Work instruction: Repeat exactly, and nothing more, the lines from the one that includes "Bluza z kapturem Washed LOVIA" through the final line of the entries; skip the pictures.

== Study material

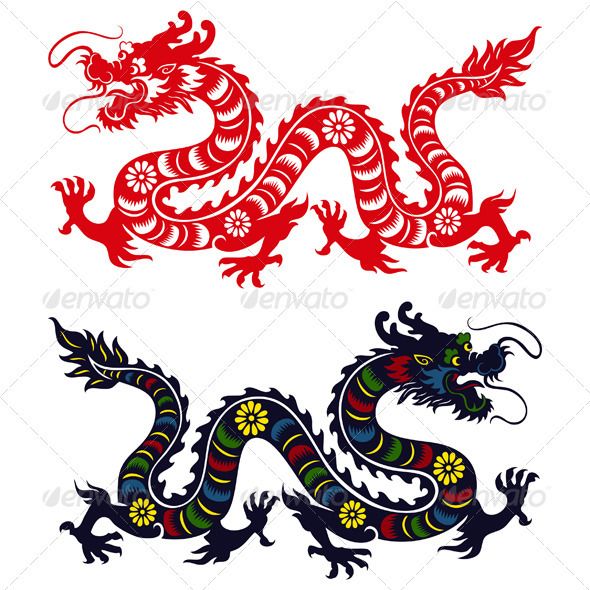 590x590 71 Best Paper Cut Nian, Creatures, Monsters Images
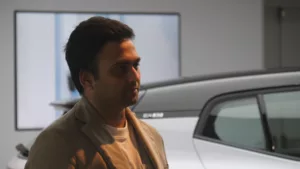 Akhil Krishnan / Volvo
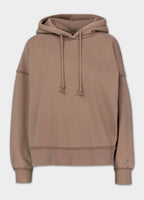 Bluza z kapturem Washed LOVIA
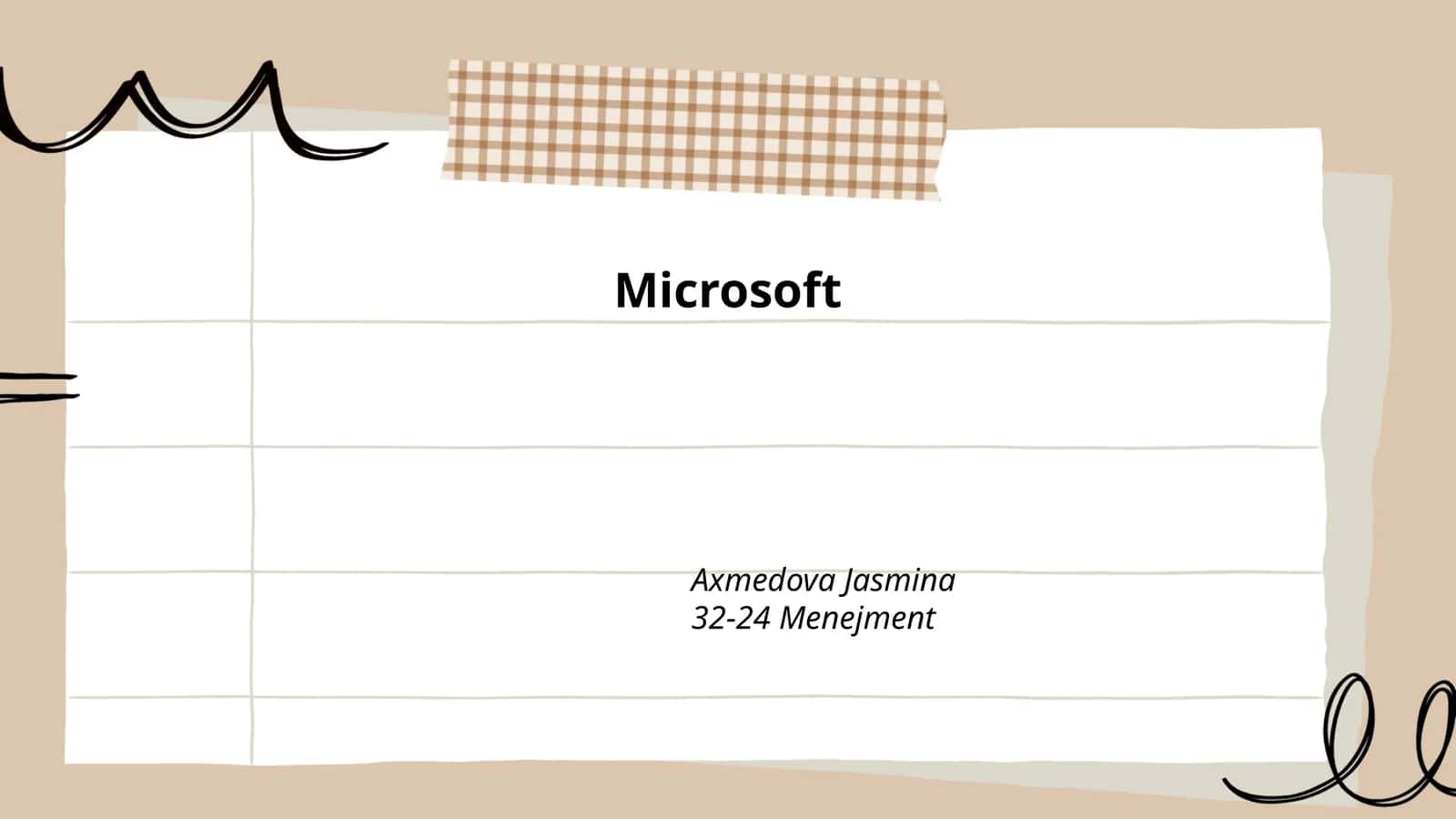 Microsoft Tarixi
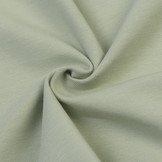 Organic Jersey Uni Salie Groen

====

Exercise result:
 Bluza z kapturem Washed LOVIA
 Microsoft Tarixi
 Organic Jersey Uni Salie Groen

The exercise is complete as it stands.